On changing the budget to pay for what Occupy L.A. cost the city:
"That was a challenge, and that's why I said it wasn't sustainable for [protesters] to be there forever."
"We were very lucky for a couple of reasons: One, our officers conducted themselves in a way that was a model for the nation. If I've heard once, I've heard 50 times the acknowledgment that L.A. did it differently from virtually every other city in the country. We worked with the protesters, we respected their freedom of speech, their right to protest."
"The cost that isn't calculated in other cities is going to be the lawsuit cost. There will be lawsuits as a result of some of the confrontations that we saw across the country, and here in L.A. we didn't see that kind of violence."
"This was a unique event. It had global implications, it was part of something much bigger than L.A. or Wall Street, frankly. There's a lot of frustration out there, when there's so many people out of work, when so many people are feeling like they're not able to make ends meet and they're losing that middle class dream. Frankly, I feel like we did it about as good as we could have."

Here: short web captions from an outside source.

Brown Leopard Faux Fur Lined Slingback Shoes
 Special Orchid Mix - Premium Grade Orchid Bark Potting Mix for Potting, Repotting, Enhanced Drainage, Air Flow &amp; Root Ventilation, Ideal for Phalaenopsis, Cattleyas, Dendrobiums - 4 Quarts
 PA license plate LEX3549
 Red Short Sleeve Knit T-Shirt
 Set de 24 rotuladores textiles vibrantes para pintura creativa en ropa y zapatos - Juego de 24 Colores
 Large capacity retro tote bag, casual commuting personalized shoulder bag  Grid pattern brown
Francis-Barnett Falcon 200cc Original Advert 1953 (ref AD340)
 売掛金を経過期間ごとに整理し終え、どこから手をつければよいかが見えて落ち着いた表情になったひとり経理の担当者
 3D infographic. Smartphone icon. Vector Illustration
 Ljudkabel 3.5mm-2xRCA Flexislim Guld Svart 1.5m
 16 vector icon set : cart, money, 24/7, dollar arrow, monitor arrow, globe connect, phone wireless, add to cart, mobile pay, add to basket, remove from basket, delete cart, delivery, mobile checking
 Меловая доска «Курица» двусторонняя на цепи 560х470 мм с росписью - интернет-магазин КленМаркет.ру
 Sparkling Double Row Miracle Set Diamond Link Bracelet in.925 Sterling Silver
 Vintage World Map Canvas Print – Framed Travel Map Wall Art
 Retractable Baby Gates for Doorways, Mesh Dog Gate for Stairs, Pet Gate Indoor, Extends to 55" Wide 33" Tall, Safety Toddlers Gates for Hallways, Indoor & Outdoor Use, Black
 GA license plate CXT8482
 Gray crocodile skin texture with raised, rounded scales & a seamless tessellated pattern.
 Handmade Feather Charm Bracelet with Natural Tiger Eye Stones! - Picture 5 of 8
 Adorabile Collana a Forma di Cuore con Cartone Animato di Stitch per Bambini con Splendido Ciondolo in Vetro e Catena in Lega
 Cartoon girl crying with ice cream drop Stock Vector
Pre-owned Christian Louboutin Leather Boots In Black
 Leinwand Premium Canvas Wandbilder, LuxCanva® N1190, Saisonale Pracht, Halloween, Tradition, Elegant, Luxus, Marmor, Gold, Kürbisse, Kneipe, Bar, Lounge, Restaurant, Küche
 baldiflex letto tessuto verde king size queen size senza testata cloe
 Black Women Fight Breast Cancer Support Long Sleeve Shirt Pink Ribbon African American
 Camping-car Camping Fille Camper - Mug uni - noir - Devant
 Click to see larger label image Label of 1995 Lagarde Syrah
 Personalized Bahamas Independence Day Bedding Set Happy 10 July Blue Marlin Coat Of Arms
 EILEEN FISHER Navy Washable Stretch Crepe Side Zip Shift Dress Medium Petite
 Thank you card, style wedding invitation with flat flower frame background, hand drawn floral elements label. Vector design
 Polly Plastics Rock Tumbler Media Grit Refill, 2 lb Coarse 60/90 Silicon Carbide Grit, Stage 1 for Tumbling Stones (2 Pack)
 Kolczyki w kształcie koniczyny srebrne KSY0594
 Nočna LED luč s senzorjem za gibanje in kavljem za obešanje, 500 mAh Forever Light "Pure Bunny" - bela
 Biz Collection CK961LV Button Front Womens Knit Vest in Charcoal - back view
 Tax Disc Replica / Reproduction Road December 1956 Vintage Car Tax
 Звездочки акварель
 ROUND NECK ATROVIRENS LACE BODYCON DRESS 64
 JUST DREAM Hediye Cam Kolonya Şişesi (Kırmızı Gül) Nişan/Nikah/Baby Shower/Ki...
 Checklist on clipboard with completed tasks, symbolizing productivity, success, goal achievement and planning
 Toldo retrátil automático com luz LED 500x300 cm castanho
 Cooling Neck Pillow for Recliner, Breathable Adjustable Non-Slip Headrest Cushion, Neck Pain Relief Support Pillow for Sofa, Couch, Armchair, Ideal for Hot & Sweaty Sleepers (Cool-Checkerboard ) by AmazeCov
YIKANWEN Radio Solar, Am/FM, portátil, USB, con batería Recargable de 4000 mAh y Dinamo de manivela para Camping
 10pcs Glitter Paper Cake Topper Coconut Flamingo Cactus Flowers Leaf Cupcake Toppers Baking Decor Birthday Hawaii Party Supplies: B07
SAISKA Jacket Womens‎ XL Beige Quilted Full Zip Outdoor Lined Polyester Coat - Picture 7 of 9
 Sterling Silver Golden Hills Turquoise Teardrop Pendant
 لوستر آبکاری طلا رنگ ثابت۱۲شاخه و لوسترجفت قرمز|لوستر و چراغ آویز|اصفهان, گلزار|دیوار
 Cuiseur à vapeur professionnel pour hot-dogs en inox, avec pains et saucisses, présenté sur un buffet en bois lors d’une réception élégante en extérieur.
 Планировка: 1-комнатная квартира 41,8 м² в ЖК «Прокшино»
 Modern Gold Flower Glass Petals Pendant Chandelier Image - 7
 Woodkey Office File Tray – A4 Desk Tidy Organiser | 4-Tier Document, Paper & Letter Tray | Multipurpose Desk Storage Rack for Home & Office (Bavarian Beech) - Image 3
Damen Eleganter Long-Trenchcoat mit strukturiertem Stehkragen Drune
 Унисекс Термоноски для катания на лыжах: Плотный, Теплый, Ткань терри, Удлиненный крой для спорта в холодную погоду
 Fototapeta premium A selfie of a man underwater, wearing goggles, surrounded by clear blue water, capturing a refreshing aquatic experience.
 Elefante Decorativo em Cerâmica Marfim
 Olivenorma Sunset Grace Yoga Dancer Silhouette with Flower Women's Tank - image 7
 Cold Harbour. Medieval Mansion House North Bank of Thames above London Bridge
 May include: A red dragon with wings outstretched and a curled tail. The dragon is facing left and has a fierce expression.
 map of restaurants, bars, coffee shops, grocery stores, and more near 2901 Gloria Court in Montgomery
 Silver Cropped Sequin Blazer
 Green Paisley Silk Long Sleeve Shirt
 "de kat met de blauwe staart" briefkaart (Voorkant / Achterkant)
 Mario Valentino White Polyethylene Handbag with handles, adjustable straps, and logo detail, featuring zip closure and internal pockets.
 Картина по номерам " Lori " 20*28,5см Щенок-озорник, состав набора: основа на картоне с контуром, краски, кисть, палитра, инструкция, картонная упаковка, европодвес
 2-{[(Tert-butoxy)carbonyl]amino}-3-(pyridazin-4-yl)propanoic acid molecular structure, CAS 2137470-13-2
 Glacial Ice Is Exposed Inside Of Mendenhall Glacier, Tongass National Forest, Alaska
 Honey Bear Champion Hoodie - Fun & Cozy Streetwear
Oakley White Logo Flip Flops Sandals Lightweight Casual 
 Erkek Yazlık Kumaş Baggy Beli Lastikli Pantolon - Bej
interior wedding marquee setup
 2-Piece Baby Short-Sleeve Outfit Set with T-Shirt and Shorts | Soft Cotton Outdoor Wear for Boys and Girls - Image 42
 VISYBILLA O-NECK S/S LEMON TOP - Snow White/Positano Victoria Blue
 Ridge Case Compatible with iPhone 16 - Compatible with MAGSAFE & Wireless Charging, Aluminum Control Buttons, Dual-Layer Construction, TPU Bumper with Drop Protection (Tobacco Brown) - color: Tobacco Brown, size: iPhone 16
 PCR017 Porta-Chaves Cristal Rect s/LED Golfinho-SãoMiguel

On increasing LAPD officer numbers to 10,000:
"We're going to keep it at 9,963 for now. I hope one day that we'll grow our police department to a level that meets the needs of 4 million."
"I'd like to drive [crime rates] down further and we need more officers to do that. But we also need services and jobs, and we need to provide a safety net for people. We need to focus on education and giving people the skills they need to be successful, and you can't just do that with law enforcement."
On increasing funding for the Los Angeles Police Department:
"Absolutely. When we had a spate of violence in a part of the city recently, in another era the police would have said, 'We need more money for cops.' Instead, they said we need to keep hiring at the level that we're at now, but we also need more intervention workers, more folks focused on reducing gang violence.'"
On the number of gang-related murders:
"More than half the homicides are gang-related, but gang-related crimes are down. We saw a 15 percent decrease in gang-related crimes, a 9 percent decrease in gang-related shots fired and a 4.9 percent decrease in gang-related victims shot."
On why crime has continued to decline for nine years in a row:
"It has everything to do with the fact that we're growing our police department. We're focused on community policing, we collaborate with the county Sheriff's Department ... and, very importantly, our anti-gang efforts, our gang reduction and youth development program is a best practice around the country."
On the impact of budget reductions at fire stations:
"What we've seen is that we're doing more with less. I've said from the beginning that none of us want to reduce services of any kind."
"We're still facing a structural deficit of $250 million, but we haven't raised taxes, and we've, for the most part, provided services at the level that we have in the past."
"About 85 percent of [emergency] calls are for ambulances, and not for fires. So we beefed up our ambulances and cut the number of fire trucks that we have deployed on any given day."
On other statistics:
"In addition to crime overall, we also reported that at LAX there's a 27 percent decrease in crime. Our fire department, they have a 48 percent lower rate of fatalities and injuries in other major cities. We had a great year in 2011, and it's good news for 2012. But everybody wants to know what we're going to do to decrease and reduce crime even further, and that's our charge."